Als Tochter von Loki und der Riesin Angrboda gehört Hel zu den düstersten und zugleich faszinierendsten Wesen der Edda-Überlieferung. Sie herrscht über jene, die nicht im Kampf sterben – über Kranke, Alte und gewöhnliche Menschen. Ihr Reich ist kein Ort heroischer Glorie wie Walhall, sondern ein Spiegel der unausweichlichen Realität des Todes.
Hel ist keine Dämonin. Sie ist eine Notwendigkeit im kosmischen Gefüge.
Herkunft – Kind des Chaos
Hel entstammt einer Verbindung, die selbst die Götter fürchteten. Ihr Vater Loki, der trickreiche Gestaltwandler, zeugte mit der Riesin Angrboda drei Kinder: den Wolf Fenrir, die Midgardschlange Jörmungandr – und Hel.
Schon bei ihrer Geburt erkannten die Asen, dass diese Kinder eine Bedrohung für die göttliche Ordnung darstellen könnten. Odin ließ sie deshalb trennen und in unterschiedliche Bereiche verbannen.
Fenrir wurde gefesselt. Jörmungandr ins Meer geworfen. Und Hel in die Unterwelt geschickt.
Dort erhielt sie Herrschaft über das Reich der Toten – Helheim.
Helheim – Reich der Stille
Helheim liegt tief unter einer der Wurzeln von Yggdrasil, dem Weltenbaum. Es ist kein Ort lodernder Flammen, sondern eine kühle, schattenhafte Welt. Nebel, Kälte, Stille.
Die Quellen – insbesondere die Prosa-Edda von Snorri Sturluson – beschreiben Helheim als abgeschieden, schwer erreichbar und von gewaltigen Toren umgeben. Der Weg dorthin führt über Flüsse, Brücken und durch düstere Landschaften.
Doch entscheidend ist: Helheim ist kein Strafort.

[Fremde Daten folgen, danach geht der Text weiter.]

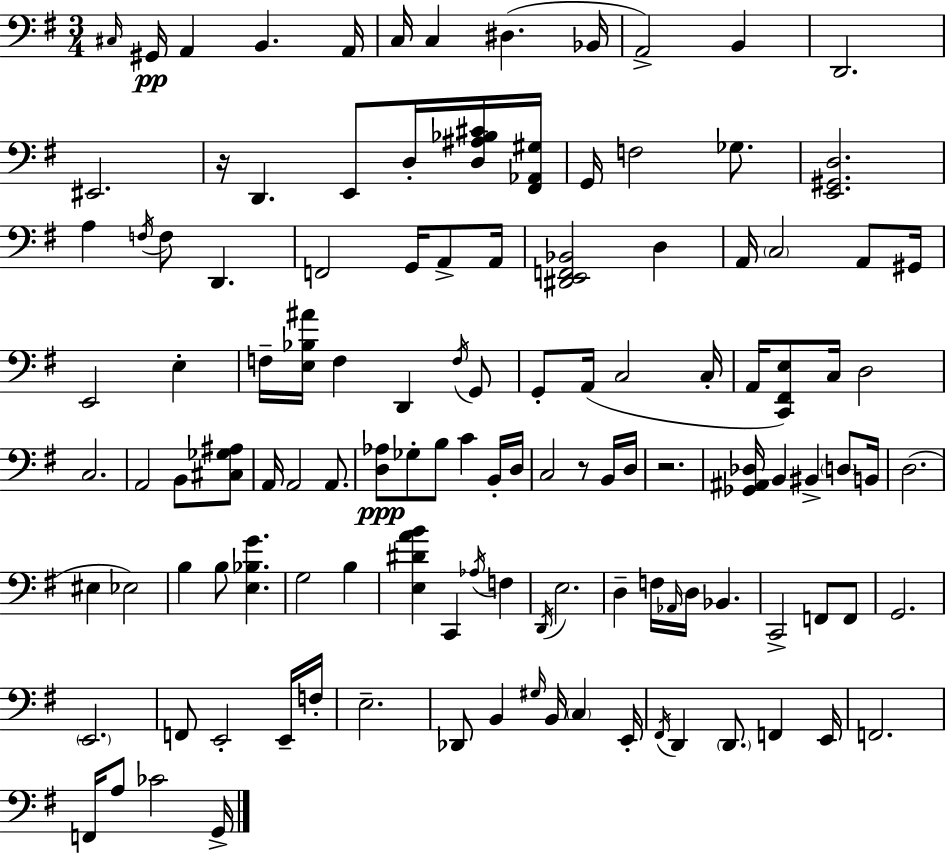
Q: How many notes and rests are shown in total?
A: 121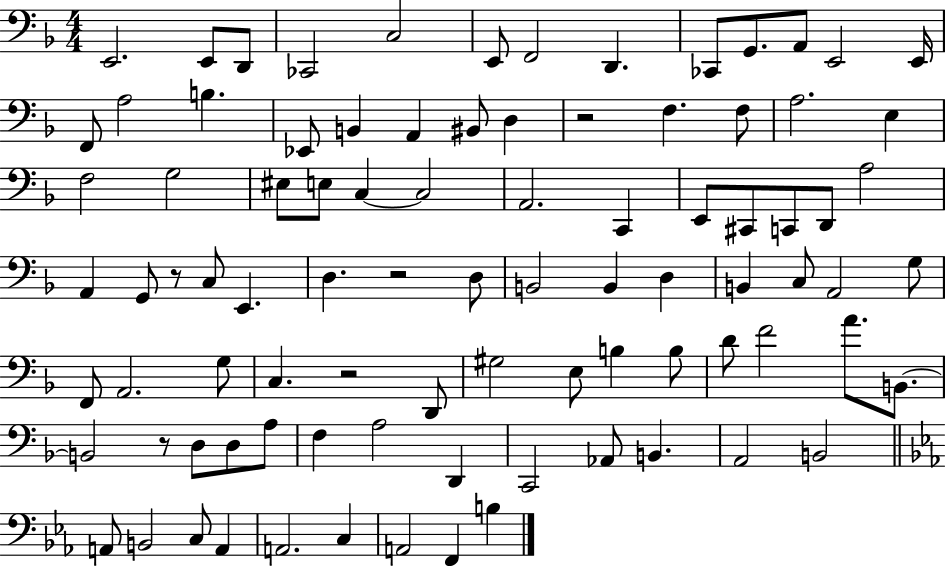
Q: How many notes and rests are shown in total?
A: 90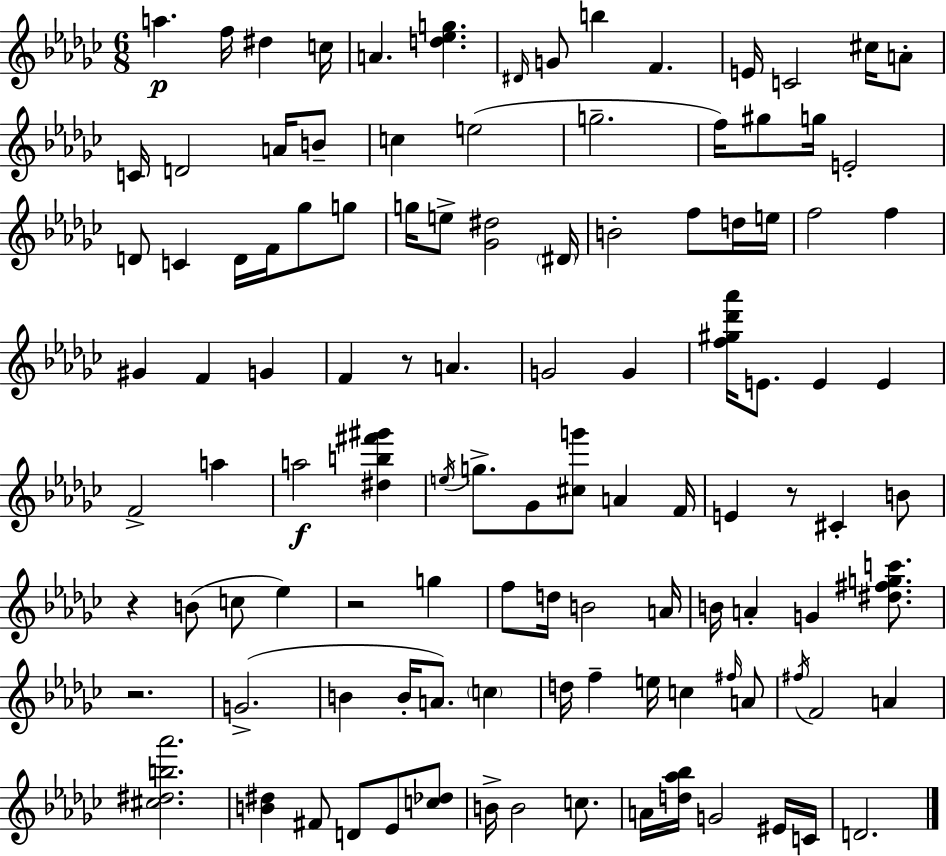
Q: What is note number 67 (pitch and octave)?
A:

Es ist das Schicksal der meisten Menschen. Wer nicht ehrenvoll im Kampf fällt und nach Walhall oder Fólkvangr gelangt, tritt Hels Reich an. Dort verweilt man – nicht in Qual, sondern in einer Art fortgesetzter Existenz.
Erscheinung – Halb Licht, halb Verfall
Hel wird in den Quellen als zweigeteilt beschrieben. Eine Hälfte ihres Körpers ist schön und lebendig, die andere blau-schwarz oder verwest wie eine Leiche.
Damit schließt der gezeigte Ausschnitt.